Short text fragments from websites:
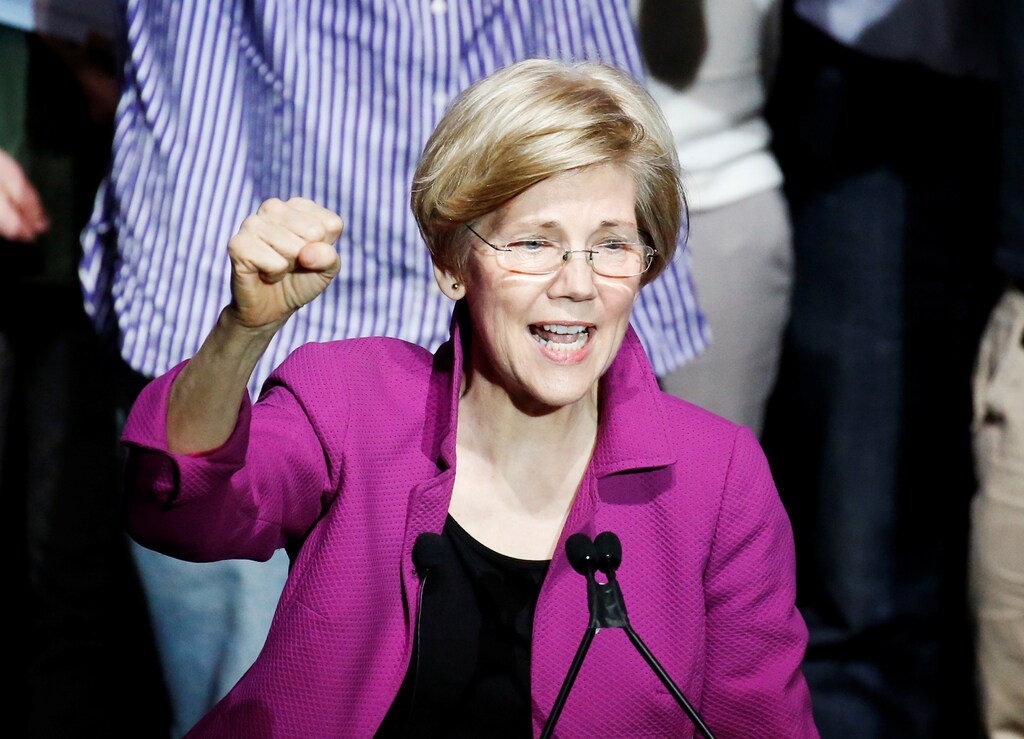 U.S. Senator Elizabeth Warren pumps her fist as she speaks at a Our Revolution rally in Boston, Massachusetts, U.S. March 31, 2017. REUTERS/Mary Schwalm - RTX33LDE
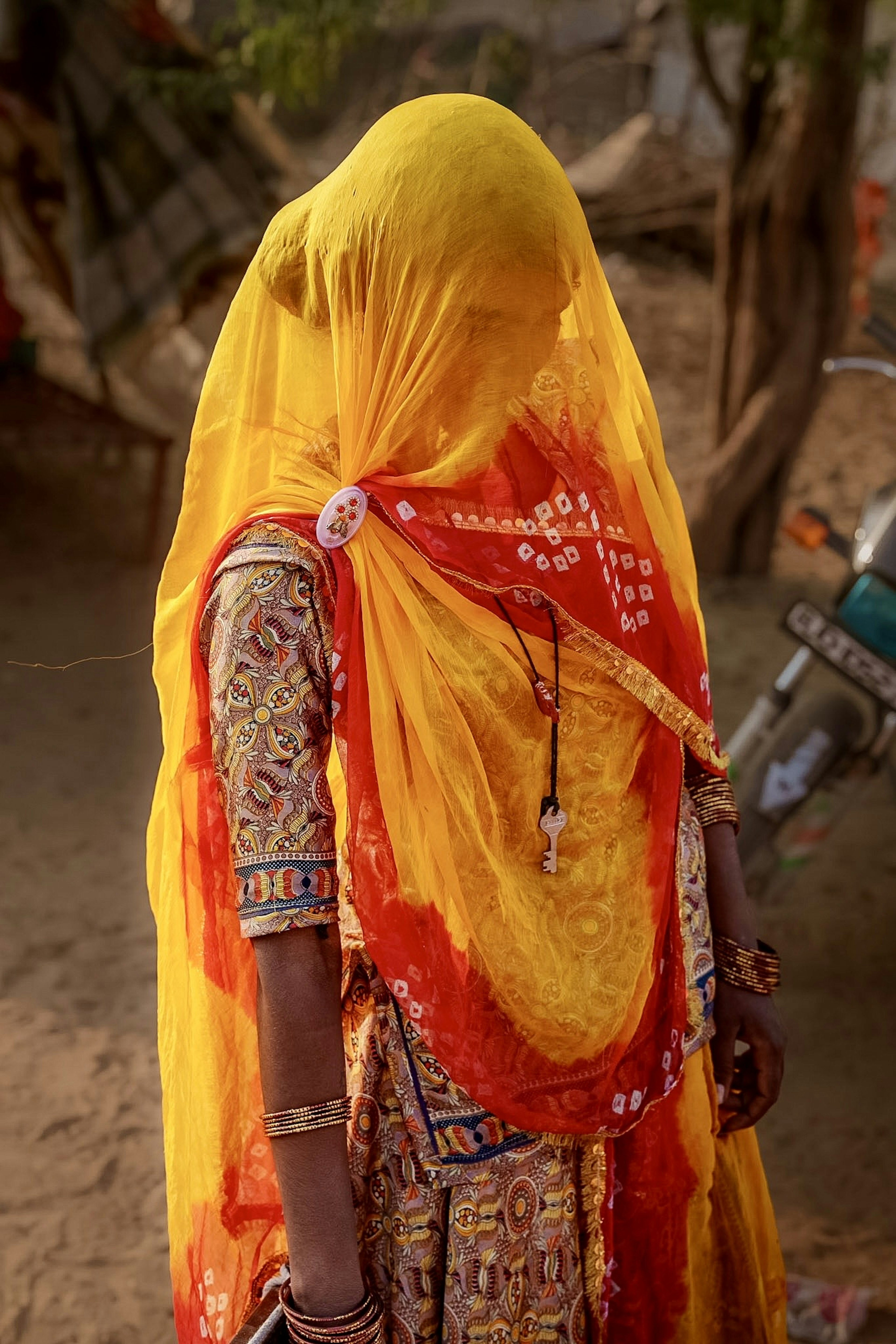 A woman wearing a yellow veil and red attire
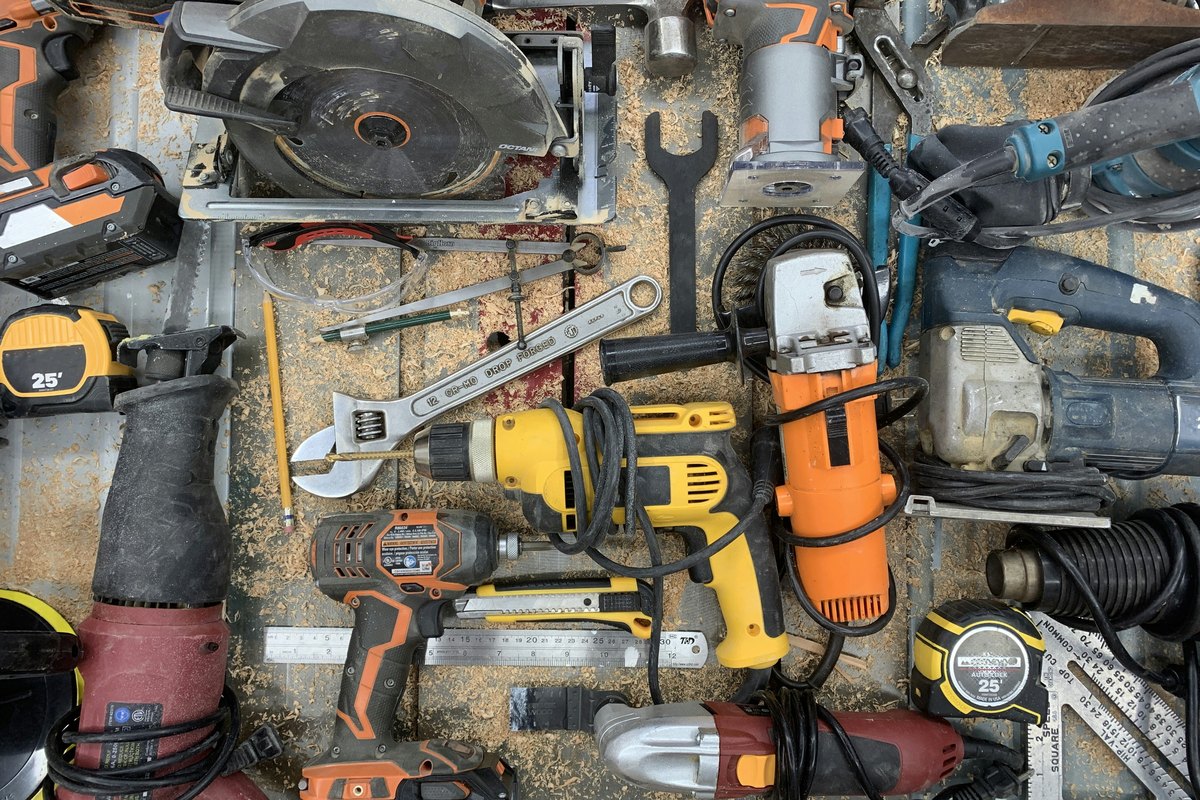 Power tools and equipment on a workbench, illustrating the kit a DIYer would bring to a storefront project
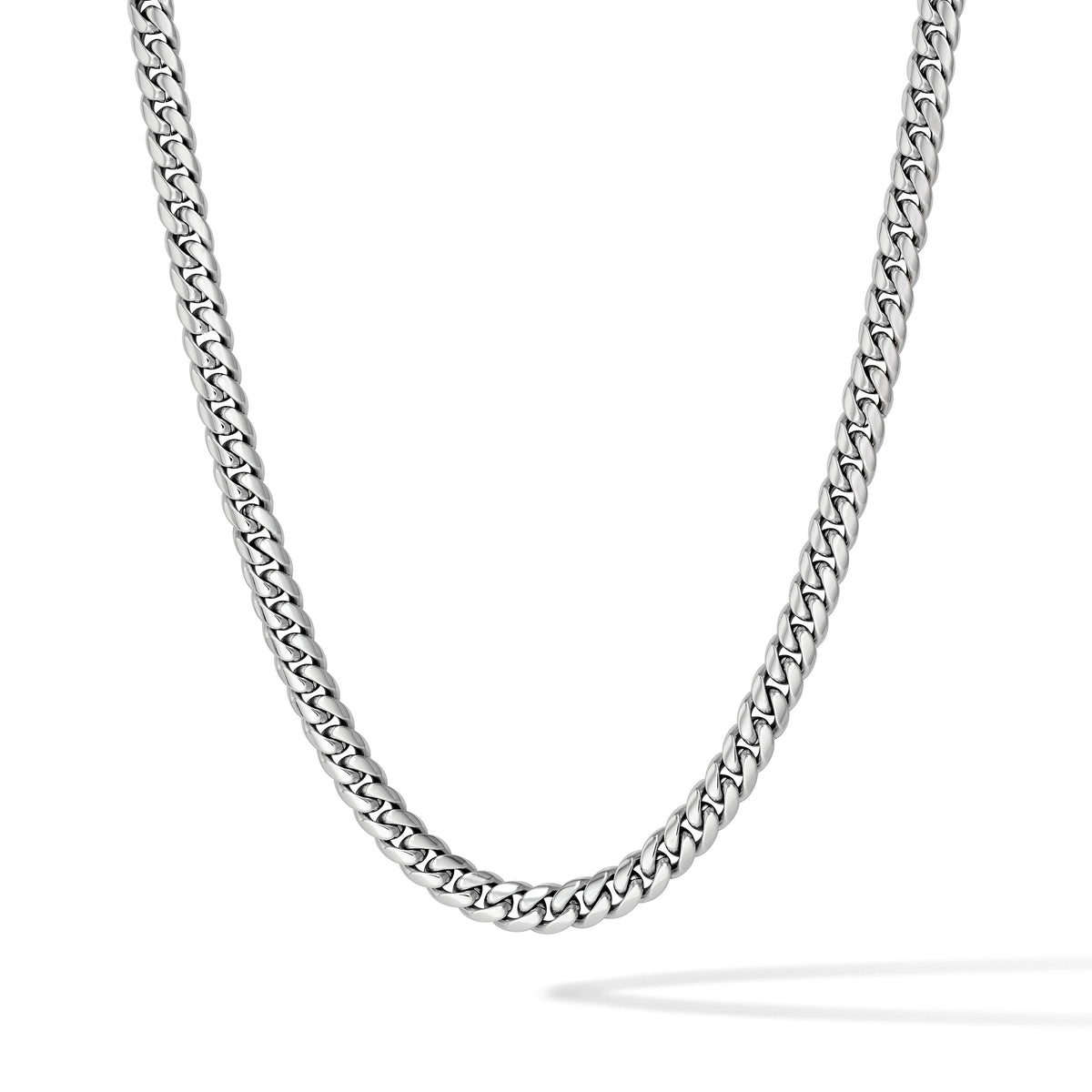 A silver-toned metal chain necklace with a curb link pattern, shown draped in a U-shape against a clean white background.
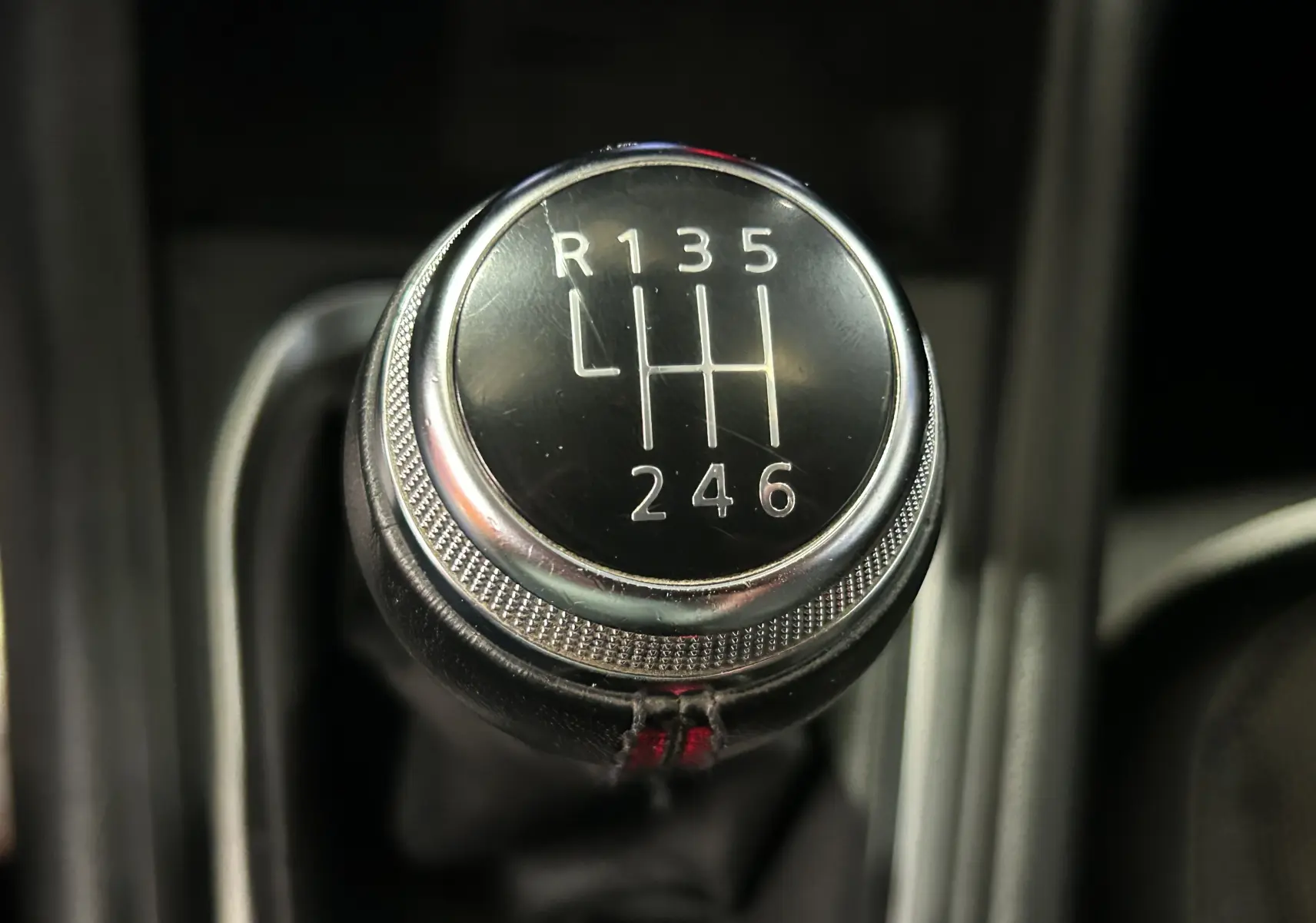 Gros plan sur le pommeau de la boîte manuelle noire du Renault Captur 2020, avec marquage des vitesses en blanc.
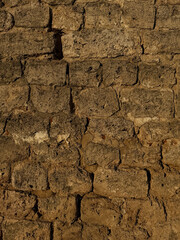 Close-up of historic stone wall texture from Nizhny Novgorod Kremlin. Historic building materials concept. Handheld mobile photo, selective focus, sunlight, non AI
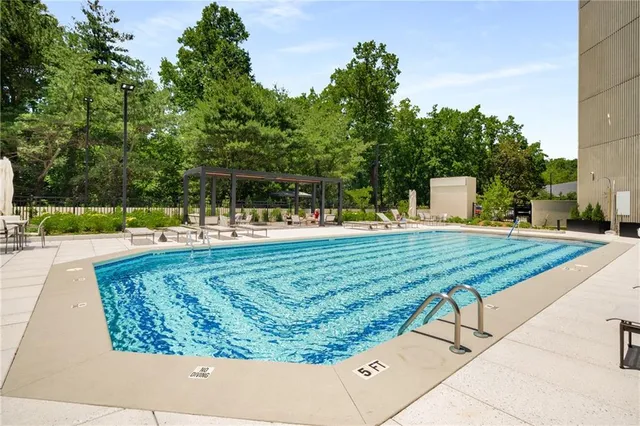 a view of porch with a black white door
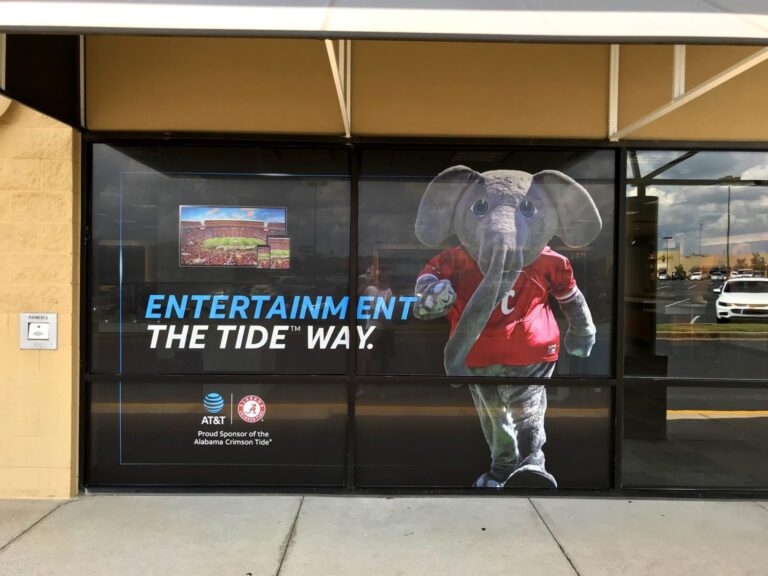 Crimson Tide window graphics Birmingham: wide front view of AT&T storefront window graphics in Birmingham featuring the Alabama Crimson Tide elephant mascot, stadium imagery, and Entertainment the Tide Way messaging.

**Task instructions**
Take the lines from the one holding "Close-up of historic" through the last line of the data above and copy them exactly, both ends included, omitting all pictures.

**Output of the task**
 Close-up of historic stone wall texture from Nizhny Novgorod Kremlin. Historic building materials concept. Handheld mobile photo, selective focus, sunlight, non AI
 a view of porch with a black white door
 Crimson Tide window graphics Birmingham: wide front view of AT&T storefront window graphics in Birmingham featuring the Alabama Crimson Tide elephant mascot, stadium imagery, and Entertainment the Tide Way messaging.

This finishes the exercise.